• [WHAT IS REQUIRED] Data follows below. Repeat exactly the lines between the line holding "Whey Protein Max" and the line holding "Protein Shake Drink", inclusive, and nothing more; drop pictures.

• [ENTRIES SHOWN]
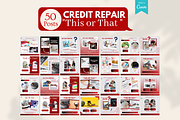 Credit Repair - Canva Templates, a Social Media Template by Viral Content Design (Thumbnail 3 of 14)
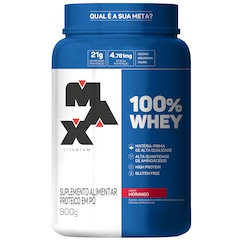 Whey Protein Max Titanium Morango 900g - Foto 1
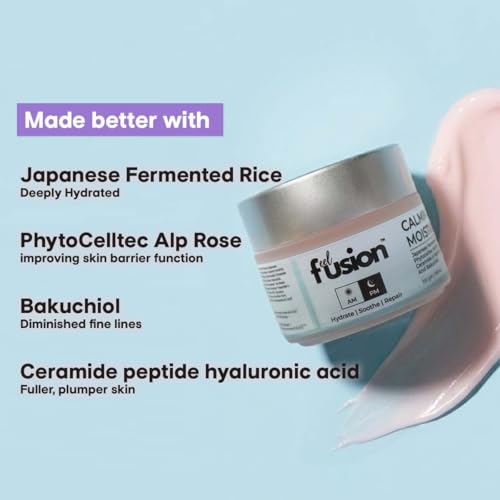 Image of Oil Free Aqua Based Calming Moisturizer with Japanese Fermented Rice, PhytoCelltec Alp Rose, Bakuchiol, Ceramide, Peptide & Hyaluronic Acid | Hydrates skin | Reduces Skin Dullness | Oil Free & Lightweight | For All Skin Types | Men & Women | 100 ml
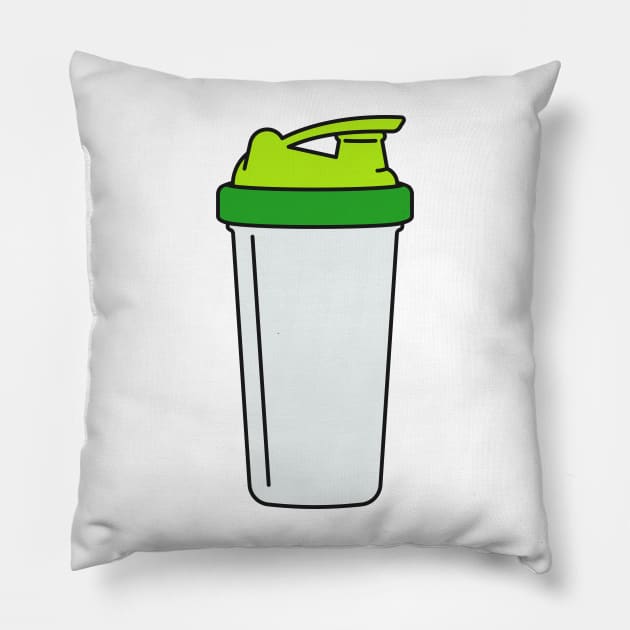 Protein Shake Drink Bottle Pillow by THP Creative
---
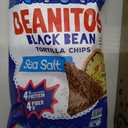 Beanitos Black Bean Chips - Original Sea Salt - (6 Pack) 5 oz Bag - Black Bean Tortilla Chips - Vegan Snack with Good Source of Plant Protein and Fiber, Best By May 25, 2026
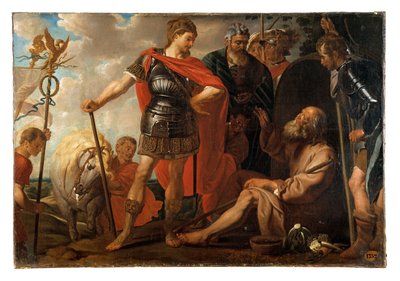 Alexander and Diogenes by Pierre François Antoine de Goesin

• [ANSWER SECTION]
 Whey Protein Max Titanium Morango 900g - Foto 1
 Image of Oil Free Aqua Based Calming Moisturizer with Japanese Fermented Rice, PhytoCelltec Alp Rose, Bakuchiol, Ceramide, Peptide & Hyaluronic Acid | Hydrates skin | Reduces Skin Dullness | Oil Free & Lightweight | For All Skin Types | Men & Women | 100 ml
 Protein Shake Drink Bottle Pillow by THP Creative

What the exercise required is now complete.